One company typifies the frenzy that is

gripping the telecommunications industry:

Global Crossing. In its short life, it has been

involved in a series of massive mergers and

audacious takeover attempts. But, says

Bob Annunciata, its chief executive

(and a man passed over for promotion by

AT&T), you ain't seen nothing yet ...

For a company that began life less than two years ago with one sub-sea Atlantic cable, Global Crossing has been attracting a lot of attention lately. It's the kind of attention the company's CEO Bob Annunciata has been planning. Aggressive moves, like last month's pounds 1.1bn purchase of Racal Telecom, followed this week by a $1.2bn (pounds 800m) agreement with Hong Kong's Hutchison Whampoa to develop high-capacity fibre networks in Hong Kong, are part of a hectic series of deals aimed at putting together a global data communications network that reaches into the buildings of some of the biggest corporations in the world.
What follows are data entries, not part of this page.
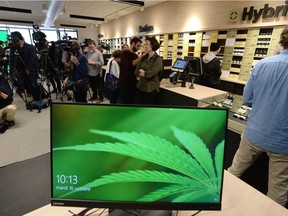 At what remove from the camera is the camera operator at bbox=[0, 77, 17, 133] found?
9.87ft

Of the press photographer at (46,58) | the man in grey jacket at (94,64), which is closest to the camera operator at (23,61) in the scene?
the press photographer at (46,58)

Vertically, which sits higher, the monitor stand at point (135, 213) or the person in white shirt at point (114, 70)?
the person in white shirt at point (114, 70)

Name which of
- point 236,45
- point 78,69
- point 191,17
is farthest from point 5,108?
point 191,17

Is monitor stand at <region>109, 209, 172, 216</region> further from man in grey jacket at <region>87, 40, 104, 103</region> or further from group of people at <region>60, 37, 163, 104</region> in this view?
man in grey jacket at <region>87, 40, 104, 103</region>

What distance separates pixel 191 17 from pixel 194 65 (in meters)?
3.03

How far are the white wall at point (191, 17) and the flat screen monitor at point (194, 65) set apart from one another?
1953 mm

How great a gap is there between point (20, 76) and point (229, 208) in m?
4.86

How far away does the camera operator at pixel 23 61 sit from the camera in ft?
11.7

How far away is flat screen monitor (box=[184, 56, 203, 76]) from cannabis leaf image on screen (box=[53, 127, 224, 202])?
2958 millimetres

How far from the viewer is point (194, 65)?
3334 mm

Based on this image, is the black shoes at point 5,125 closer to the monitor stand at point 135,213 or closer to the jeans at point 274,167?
the monitor stand at point 135,213

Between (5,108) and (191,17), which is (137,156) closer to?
(5,108)

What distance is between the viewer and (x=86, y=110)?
56 centimetres

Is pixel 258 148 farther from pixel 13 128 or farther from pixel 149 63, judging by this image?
pixel 13 128
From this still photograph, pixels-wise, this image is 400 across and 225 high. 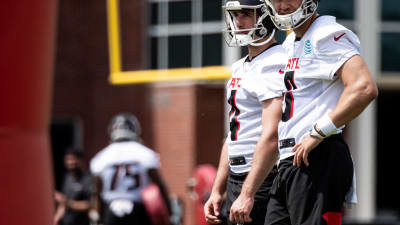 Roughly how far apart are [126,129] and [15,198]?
13.9ft

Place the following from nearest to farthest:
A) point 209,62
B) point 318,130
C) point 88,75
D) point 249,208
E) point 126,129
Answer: point 318,130 < point 249,208 < point 126,129 < point 209,62 < point 88,75

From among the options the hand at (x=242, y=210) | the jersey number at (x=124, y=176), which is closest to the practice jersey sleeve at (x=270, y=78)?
the hand at (x=242, y=210)

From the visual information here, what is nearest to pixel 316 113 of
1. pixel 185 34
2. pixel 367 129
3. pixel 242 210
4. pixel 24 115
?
pixel 242 210

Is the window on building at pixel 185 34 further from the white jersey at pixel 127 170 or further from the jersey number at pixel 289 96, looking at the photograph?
the jersey number at pixel 289 96

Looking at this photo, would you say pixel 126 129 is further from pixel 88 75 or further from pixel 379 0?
pixel 88 75

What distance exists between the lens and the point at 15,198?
16.5 feet

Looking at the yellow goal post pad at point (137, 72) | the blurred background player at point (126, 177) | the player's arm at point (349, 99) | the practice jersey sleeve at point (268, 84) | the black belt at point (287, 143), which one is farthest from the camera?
the yellow goal post pad at point (137, 72)

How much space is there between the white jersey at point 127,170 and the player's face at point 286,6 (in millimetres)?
4569

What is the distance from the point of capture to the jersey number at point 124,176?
9141 millimetres

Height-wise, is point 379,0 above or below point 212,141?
above

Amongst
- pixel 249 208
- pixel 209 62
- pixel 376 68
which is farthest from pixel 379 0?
pixel 249 208

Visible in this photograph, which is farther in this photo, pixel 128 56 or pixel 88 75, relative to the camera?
pixel 88 75

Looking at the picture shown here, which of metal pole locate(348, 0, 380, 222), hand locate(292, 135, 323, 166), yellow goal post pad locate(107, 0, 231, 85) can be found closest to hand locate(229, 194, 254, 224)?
hand locate(292, 135, 323, 166)

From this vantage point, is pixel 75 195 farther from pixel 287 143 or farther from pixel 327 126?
pixel 327 126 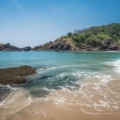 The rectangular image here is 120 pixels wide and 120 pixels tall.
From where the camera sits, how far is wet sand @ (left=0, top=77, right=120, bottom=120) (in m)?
9.51

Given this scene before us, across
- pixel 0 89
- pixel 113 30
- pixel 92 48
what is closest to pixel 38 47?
pixel 92 48

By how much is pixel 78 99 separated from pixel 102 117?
345cm

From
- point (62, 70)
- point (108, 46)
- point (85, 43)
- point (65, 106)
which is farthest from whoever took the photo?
point (85, 43)

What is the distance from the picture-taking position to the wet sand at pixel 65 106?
31.2 ft

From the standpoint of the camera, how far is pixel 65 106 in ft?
36.2

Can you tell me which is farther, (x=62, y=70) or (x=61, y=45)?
(x=61, y=45)

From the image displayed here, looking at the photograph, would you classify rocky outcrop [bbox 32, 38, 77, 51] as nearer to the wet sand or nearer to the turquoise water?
the turquoise water

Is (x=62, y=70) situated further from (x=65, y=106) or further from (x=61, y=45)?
(x=61, y=45)

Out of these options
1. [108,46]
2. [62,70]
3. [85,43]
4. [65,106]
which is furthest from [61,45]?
[65,106]

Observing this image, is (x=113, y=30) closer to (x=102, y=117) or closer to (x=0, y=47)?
(x=0, y=47)

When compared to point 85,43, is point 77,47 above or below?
below

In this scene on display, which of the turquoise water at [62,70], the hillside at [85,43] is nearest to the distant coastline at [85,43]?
the hillside at [85,43]

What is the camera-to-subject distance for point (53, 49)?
159250mm

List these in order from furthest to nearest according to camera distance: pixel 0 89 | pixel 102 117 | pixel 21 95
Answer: pixel 0 89 < pixel 21 95 < pixel 102 117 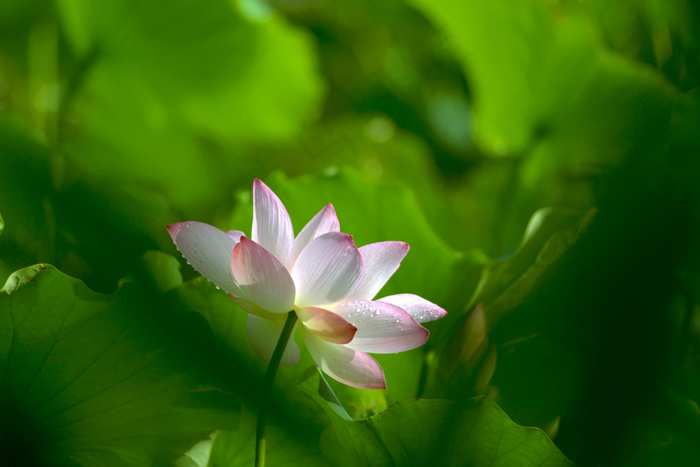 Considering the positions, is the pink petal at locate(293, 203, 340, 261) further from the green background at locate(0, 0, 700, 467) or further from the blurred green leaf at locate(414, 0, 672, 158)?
the blurred green leaf at locate(414, 0, 672, 158)

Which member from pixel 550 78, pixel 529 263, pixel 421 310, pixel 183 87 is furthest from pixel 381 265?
pixel 183 87

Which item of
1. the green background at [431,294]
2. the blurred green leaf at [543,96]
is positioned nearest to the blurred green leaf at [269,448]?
the green background at [431,294]

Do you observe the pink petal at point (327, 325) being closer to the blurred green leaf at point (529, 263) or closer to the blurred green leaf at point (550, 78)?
the blurred green leaf at point (529, 263)

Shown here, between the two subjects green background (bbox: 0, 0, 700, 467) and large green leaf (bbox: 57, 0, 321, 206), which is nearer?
green background (bbox: 0, 0, 700, 467)

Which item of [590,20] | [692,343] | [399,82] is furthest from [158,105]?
[692,343]

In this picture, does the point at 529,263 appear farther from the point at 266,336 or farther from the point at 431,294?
the point at 266,336

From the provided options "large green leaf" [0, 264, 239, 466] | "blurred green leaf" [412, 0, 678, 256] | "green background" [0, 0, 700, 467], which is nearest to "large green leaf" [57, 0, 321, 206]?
"green background" [0, 0, 700, 467] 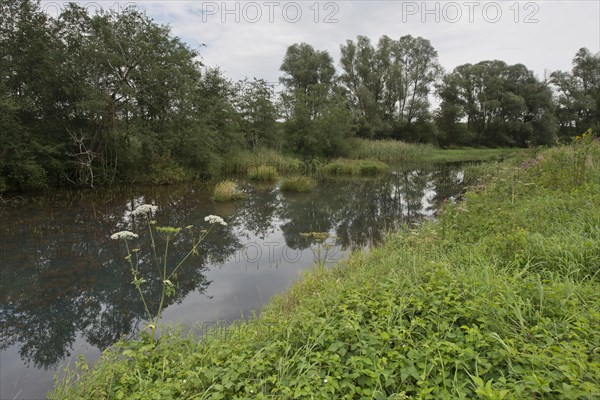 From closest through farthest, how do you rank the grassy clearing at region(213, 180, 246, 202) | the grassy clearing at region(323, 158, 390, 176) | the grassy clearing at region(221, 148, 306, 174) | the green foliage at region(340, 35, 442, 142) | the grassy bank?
1. the grassy bank
2. the grassy clearing at region(213, 180, 246, 202)
3. the grassy clearing at region(221, 148, 306, 174)
4. the grassy clearing at region(323, 158, 390, 176)
5. the green foliage at region(340, 35, 442, 142)

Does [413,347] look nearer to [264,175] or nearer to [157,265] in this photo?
[157,265]

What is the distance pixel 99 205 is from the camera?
464 inches

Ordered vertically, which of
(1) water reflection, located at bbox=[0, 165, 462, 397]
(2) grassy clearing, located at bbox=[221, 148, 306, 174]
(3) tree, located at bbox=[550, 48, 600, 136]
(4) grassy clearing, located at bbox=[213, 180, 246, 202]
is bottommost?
(1) water reflection, located at bbox=[0, 165, 462, 397]

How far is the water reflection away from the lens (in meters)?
4.54

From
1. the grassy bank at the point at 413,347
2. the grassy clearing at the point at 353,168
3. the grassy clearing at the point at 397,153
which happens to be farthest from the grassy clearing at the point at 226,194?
the grassy clearing at the point at 397,153

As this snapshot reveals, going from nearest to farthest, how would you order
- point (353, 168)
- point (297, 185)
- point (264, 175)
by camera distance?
point (297, 185), point (264, 175), point (353, 168)

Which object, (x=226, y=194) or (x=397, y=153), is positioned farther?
(x=397, y=153)

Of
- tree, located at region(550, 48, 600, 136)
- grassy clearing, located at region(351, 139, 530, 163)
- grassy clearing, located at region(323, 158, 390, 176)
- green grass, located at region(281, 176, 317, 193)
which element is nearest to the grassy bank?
green grass, located at region(281, 176, 317, 193)

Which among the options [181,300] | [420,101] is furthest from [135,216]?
[420,101]

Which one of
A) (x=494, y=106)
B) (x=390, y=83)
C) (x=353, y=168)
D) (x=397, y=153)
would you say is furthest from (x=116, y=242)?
(x=494, y=106)

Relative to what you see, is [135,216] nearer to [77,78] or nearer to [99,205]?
[99,205]

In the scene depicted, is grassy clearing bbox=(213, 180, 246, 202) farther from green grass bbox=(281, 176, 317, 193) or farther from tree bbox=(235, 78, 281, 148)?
tree bbox=(235, 78, 281, 148)

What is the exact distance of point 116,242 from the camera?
25.7 feet

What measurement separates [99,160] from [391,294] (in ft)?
53.4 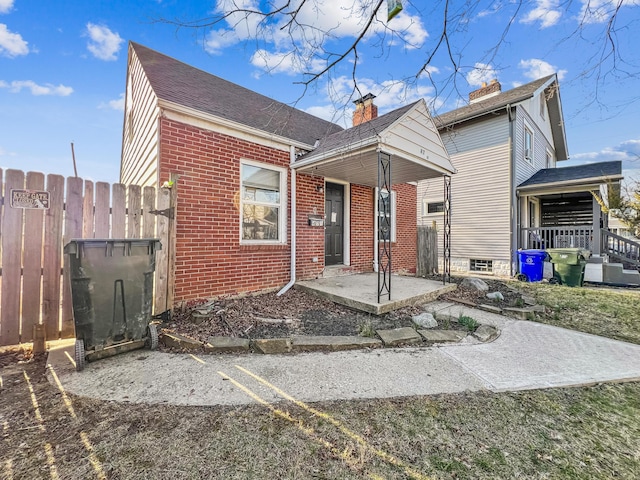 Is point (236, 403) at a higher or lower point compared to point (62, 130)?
lower

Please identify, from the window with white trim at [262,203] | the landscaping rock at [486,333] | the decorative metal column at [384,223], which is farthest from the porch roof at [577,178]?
the window with white trim at [262,203]

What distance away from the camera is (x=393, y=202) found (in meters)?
8.50

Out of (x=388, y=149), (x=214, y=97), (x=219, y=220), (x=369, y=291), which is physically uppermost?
(x=214, y=97)

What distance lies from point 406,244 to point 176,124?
718 cm

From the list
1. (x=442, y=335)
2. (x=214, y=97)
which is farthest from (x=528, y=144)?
(x=214, y=97)

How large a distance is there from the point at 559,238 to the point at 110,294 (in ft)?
43.2

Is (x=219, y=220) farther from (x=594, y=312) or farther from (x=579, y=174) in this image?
(x=579, y=174)

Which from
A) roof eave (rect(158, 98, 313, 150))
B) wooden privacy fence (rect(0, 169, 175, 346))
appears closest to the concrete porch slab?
roof eave (rect(158, 98, 313, 150))

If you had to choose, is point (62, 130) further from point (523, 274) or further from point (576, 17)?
point (523, 274)

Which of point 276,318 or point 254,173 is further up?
point 254,173

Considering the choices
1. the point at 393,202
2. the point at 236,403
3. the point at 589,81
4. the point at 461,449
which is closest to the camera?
the point at 461,449

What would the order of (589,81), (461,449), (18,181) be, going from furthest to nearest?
(18,181), (589,81), (461,449)

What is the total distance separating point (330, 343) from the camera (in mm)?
3420

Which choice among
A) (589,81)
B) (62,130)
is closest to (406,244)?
(589,81) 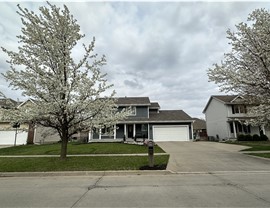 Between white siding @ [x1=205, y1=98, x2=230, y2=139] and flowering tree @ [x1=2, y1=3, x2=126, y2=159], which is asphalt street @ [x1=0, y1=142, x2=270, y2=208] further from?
white siding @ [x1=205, y1=98, x2=230, y2=139]

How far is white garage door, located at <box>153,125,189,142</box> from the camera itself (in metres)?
27.0

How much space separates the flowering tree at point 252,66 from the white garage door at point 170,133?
14308mm

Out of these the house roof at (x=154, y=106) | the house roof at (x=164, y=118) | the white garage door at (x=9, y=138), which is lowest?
the white garage door at (x=9, y=138)

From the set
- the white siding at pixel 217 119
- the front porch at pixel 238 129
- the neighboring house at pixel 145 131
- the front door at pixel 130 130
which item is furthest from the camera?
the white siding at pixel 217 119

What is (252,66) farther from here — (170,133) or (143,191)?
(170,133)

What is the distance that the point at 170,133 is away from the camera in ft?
89.3

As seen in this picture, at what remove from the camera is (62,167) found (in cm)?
940

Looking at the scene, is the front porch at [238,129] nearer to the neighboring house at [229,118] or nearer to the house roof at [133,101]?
the neighboring house at [229,118]

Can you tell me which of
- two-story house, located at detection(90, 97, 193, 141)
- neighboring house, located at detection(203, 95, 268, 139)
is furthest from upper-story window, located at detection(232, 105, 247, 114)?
two-story house, located at detection(90, 97, 193, 141)

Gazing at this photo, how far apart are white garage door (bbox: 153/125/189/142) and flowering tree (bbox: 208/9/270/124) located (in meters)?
14.3

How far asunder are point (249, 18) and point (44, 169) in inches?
565

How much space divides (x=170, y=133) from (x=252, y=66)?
16.1m

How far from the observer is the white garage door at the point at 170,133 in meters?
27.0

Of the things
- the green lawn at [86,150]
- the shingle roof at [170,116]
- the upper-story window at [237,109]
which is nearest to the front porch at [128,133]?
the shingle roof at [170,116] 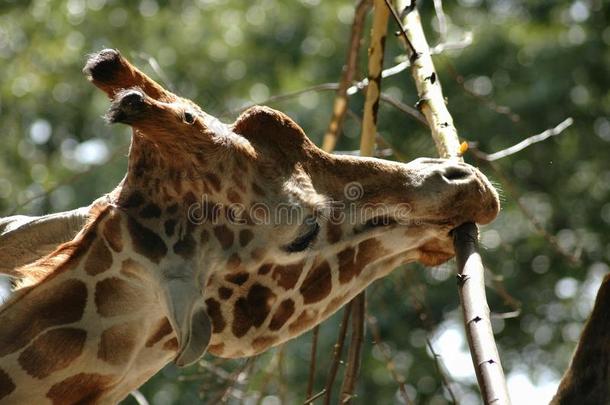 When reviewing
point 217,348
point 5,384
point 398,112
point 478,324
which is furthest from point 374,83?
point 398,112

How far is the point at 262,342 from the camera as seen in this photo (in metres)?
3.35

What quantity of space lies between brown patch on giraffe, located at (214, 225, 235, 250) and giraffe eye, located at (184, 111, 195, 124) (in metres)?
0.33

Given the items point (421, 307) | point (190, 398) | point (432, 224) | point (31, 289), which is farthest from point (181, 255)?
point (190, 398)

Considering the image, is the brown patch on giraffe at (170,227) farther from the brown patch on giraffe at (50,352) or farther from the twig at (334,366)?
the twig at (334,366)

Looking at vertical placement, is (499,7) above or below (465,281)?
above

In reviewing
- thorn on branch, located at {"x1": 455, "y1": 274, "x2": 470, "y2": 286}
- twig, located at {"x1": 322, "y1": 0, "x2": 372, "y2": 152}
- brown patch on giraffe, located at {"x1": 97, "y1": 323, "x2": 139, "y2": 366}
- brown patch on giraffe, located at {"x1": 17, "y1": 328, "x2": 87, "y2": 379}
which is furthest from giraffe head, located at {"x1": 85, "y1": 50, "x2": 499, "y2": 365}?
twig, located at {"x1": 322, "y1": 0, "x2": 372, "y2": 152}

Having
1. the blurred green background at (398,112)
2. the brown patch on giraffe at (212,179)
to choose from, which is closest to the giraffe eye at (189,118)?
the brown patch on giraffe at (212,179)

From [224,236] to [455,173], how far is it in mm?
714

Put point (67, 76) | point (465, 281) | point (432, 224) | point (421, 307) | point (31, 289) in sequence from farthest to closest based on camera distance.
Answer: point (67, 76) → point (421, 307) → point (432, 224) → point (31, 289) → point (465, 281)

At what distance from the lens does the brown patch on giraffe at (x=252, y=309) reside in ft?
10.8

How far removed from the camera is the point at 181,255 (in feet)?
10.3

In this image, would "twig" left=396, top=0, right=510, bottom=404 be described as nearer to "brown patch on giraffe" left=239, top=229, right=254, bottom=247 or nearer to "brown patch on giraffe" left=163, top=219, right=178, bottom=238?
"brown patch on giraffe" left=239, top=229, right=254, bottom=247

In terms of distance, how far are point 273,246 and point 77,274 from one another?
0.57 metres

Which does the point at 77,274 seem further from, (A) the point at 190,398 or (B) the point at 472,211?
(A) the point at 190,398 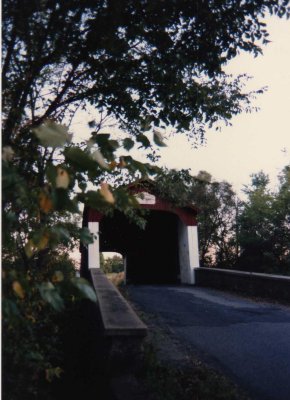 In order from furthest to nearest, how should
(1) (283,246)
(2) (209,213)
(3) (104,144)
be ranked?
(2) (209,213) → (1) (283,246) → (3) (104,144)

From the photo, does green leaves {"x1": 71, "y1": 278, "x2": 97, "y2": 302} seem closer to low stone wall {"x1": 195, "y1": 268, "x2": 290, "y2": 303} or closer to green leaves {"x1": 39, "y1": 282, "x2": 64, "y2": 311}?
green leaves {"x1": 39, "y1": 282, "x2": 64, "y2": 311}

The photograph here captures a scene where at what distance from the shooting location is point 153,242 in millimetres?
22234

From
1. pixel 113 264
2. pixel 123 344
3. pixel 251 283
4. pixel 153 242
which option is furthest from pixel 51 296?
pixel 113 264

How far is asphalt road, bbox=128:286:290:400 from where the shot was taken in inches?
172

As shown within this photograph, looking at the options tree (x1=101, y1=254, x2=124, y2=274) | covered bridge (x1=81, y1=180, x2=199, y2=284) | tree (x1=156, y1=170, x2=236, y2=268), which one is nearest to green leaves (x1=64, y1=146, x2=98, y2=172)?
covered bridge (x1=81, y1=180, x2=199, y2=284)

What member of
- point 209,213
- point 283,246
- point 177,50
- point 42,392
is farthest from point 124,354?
point 209,213

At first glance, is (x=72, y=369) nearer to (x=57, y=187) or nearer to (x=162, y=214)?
(x=57, y=187)

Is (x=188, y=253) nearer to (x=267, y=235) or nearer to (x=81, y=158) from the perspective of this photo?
(x=267, y=235)

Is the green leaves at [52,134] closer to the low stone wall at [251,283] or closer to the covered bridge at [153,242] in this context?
the low stone wall at [251,283]

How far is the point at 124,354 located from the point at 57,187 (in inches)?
91.8

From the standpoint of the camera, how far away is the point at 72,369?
4.59m

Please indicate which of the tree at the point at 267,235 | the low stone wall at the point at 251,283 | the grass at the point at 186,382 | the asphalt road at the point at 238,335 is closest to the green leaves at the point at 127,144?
the grass at the point at 186,382

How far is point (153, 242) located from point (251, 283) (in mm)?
10829

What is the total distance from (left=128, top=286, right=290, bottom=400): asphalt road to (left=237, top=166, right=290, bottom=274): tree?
52.0ft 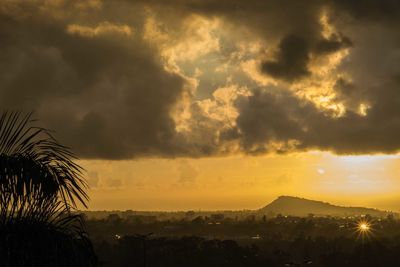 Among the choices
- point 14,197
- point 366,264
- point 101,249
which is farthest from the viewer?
point 101,249

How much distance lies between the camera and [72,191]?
29.7ft

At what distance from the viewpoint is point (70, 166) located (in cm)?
912

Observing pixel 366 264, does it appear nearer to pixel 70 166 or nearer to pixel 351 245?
pixel 351 245

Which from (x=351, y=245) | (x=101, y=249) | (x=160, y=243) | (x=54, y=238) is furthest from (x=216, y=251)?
(x=54, y=238)

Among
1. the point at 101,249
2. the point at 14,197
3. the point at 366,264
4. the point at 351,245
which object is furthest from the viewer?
the point at 351,245

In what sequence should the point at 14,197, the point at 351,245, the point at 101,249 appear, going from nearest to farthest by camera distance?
1. the point at 14,197
2. the point at 101,249
3. the point at 351,245

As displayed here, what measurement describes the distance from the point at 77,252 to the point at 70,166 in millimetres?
1192

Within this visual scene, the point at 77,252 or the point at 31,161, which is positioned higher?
the point at 31,161

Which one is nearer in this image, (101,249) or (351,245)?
(101,249)

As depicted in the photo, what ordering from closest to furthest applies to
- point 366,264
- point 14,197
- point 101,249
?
point 14,197 < point 366,264 < point 101,249

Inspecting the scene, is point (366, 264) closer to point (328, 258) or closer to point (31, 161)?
point (328, 258)

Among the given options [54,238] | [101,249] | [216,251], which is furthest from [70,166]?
[101,249]

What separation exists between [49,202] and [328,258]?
360 ft

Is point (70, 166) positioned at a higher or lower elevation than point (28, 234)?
higher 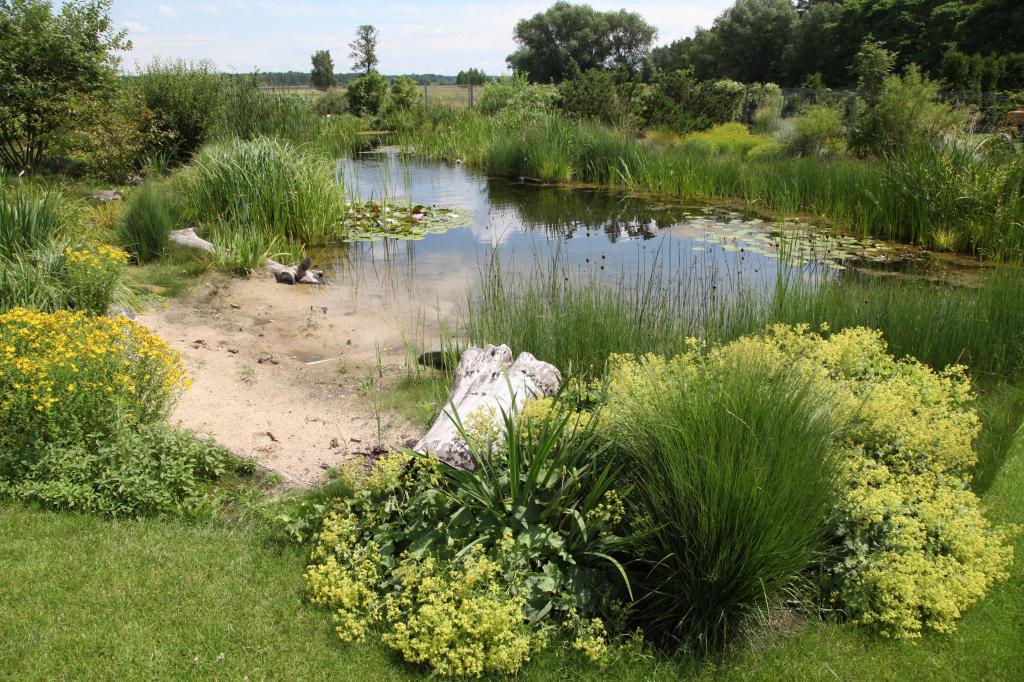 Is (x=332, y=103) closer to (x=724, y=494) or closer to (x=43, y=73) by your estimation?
(x=43, y=73)

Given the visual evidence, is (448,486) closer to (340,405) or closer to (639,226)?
(340,405)

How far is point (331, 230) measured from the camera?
1115 centimetres

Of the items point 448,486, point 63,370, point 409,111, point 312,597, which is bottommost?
point 312,597

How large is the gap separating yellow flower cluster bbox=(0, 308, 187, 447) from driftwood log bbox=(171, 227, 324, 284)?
4.31m

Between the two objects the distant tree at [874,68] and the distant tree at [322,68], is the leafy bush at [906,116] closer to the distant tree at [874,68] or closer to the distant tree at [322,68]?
the distant tree at [874,68]

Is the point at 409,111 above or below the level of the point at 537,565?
above

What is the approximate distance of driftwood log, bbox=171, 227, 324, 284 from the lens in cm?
882

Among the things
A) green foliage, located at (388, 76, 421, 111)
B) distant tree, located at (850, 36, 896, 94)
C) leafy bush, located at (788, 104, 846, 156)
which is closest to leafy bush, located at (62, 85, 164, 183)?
leafy bush, located at (788, 104, 846, 156)

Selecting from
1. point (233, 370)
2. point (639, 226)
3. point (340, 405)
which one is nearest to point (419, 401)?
point (340, 405)

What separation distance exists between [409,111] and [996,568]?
25.6 meters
It's an almost absurdly ambitious strategy which pitches the company based in Hamilton, Bermuda, against well-established long-distance carriers of communications traffic and those providing local connections. So far, it seems to be working. Few companies better epitomise the frenzied pace of deal-making that has engulfed the telecommunications industry than Global Crossing.

Its plan is no less than to recast the global map for data communications. Mr Annunciata runs a high risk of overextending himself, but if Global Crossing plays it right, the rewards could be huge. The Internet phenomenon, combined with deregulating markets, has brought about a seemingly insatiable demand for telecommunications capacity. More data, more e-mails, more e-commerce all equals more bandwidth required. Forecasts by Data International Group show more than a billion people will be subscribing to the Internet by 2005, generating revenues of $1 trillion.

And those figures could get a lot bigger fast. On Monday, the same day Global Crossing signed its deal with Hutchison Whampoa, the US Trade Representative Charlene Barshefsky said China has agreed to allow foreign firms to hold 49 per cent stakes in Sino-foreign telecom ventures as part of the deal for Peking's admission to the World Trade Organisation. This is a complete about-face from the full block on foreign telecoms owning any part of a Chinese communications venture.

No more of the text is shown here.